Increase in tax rates for advertisements to be an increased cost to governments; this would result in reduction of advertisements in the same budget. Due to the increase in rate on print and non-print advertisement, the overall cost of advertisements will increase. Insurance sector advertisers will be able to place a similar number of advertisements in the same budget as there is no major change in effective cost of advertising.

The entire tax charged under GST to petroleum companies will be an increased cost. Thus, effective sales budget could reduce to the extent of tax cost. Petroleum companies will advertise considerably less in the same budget on account of increased cost of advertising. The petroleum sector has been kept out of the ambit of GST. Hence, the current tax regime continues to be applicable on the sector. In the current regime, petroleum companies were eligible to claim input tax credit of service tax charged on advertisement services against excise duty liability. However, in GST, input tax credit charged will be partially available and hence, it will be an additional cost on the advertisement spends.
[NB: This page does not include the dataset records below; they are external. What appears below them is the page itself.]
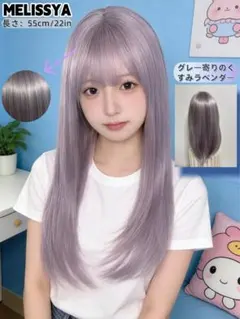 シルバーグレーラベンダーロングヘアウィッグ 紫灰色 [新品未使用/送料込み]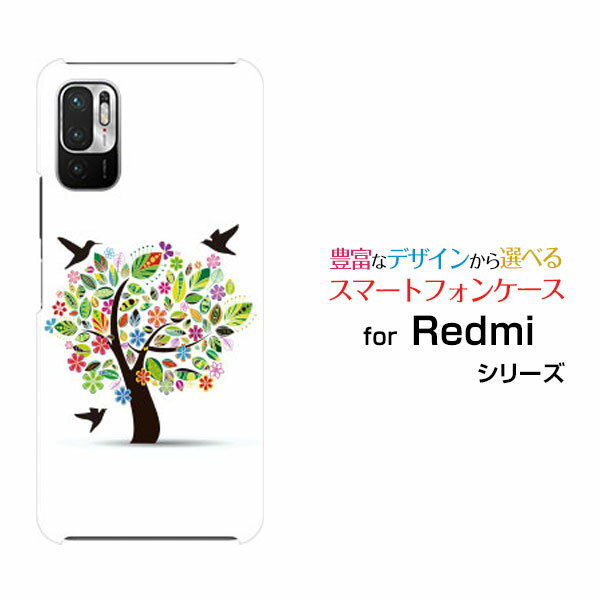 Redmi Note 10T レッドミー ノート テンティーSoftBank花と鳥[ スマホカバー 携帯ケース 人気 定番 ]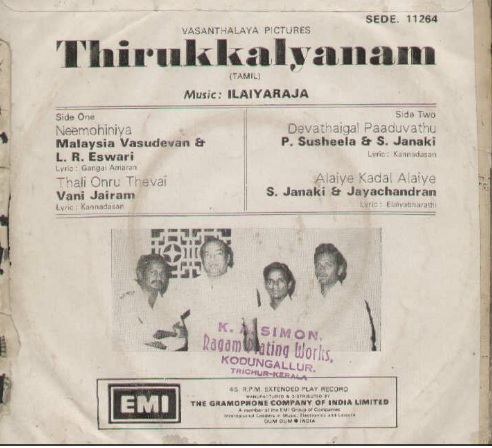 Vinyl ("LP" record) covers speak about IR (Pictures & Details) - Thamizh - Page 2 Thiruk11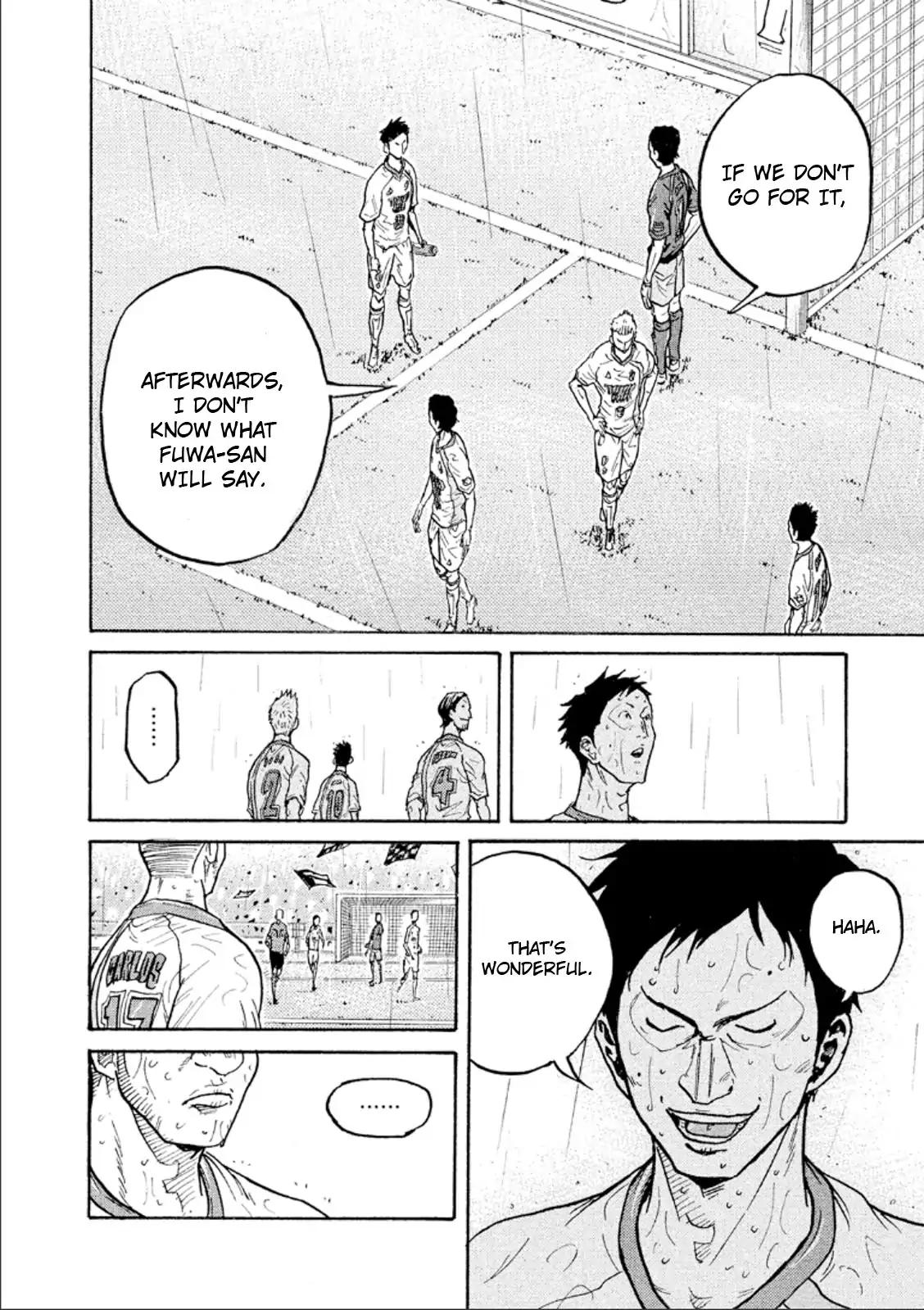 Page 10 of Chapter 314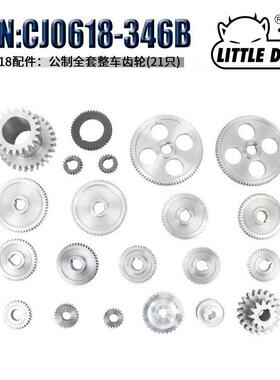 C0618-80-1车床配件塑料金属J套齿全轮套DPH件车床挂轮套件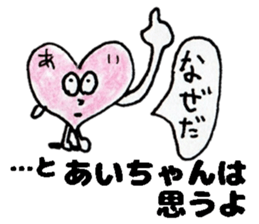 AichanStickers sticker #14547836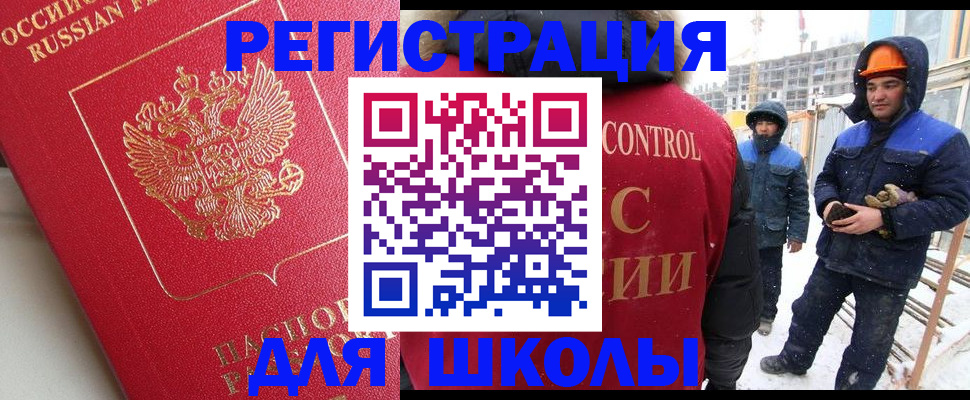 прописка от собственника в Абдулино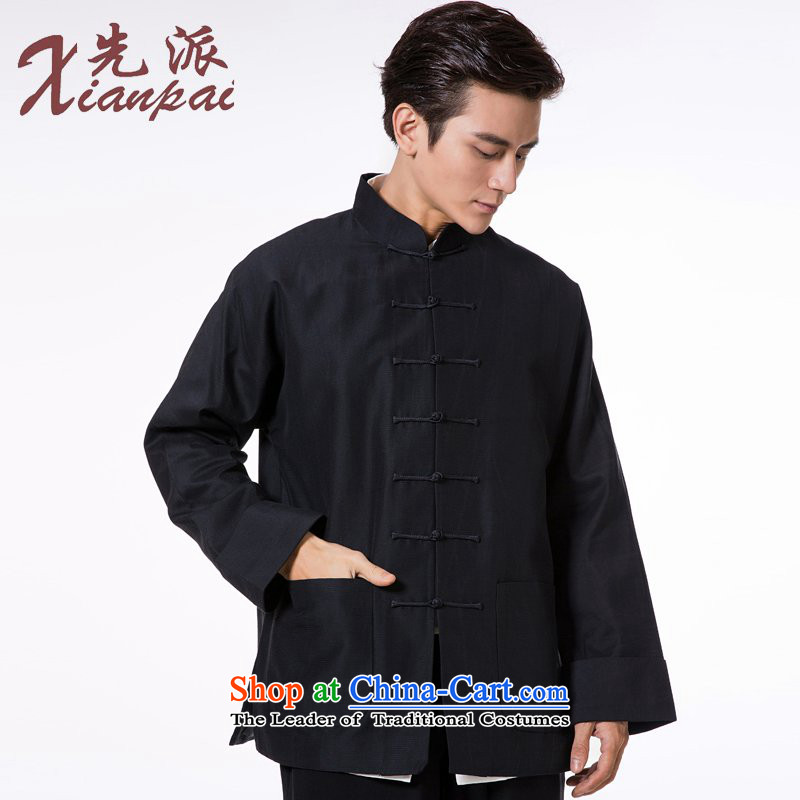 To send the new pre-sale of Tang Dynasty during the spring and autumn male silk jackets retro China wind even traditional/tray clip black stripes silk garment 2XL  new pre-sale of three days, to send outgoing xianpai () , , , shopping on the Internet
Education institutes and tour operators will be able to advertise less in the same budget, as effective cost of advertising will increase under the GST regime. Under the pre-GST regime, services provided by educational institution and tour operators were exempted. The exemption has been continued under GST regime. Due to the increase in rate of print and non-print advertisements, the overall cost of advertisements shall increase.

Gold jewellery retailers' advertisers will be able to advertise more in the same budget as cost of advertising will reduce. (depending on quantum of increase in credits). Under the pre-GST regime, gold jewellery retailers were not eligible to claim input tax credit of taxes charged on advertising spends. Under GST regime, gold retailers would get input tax credit of taxes on advertising spends, thereby increasing the effective budget.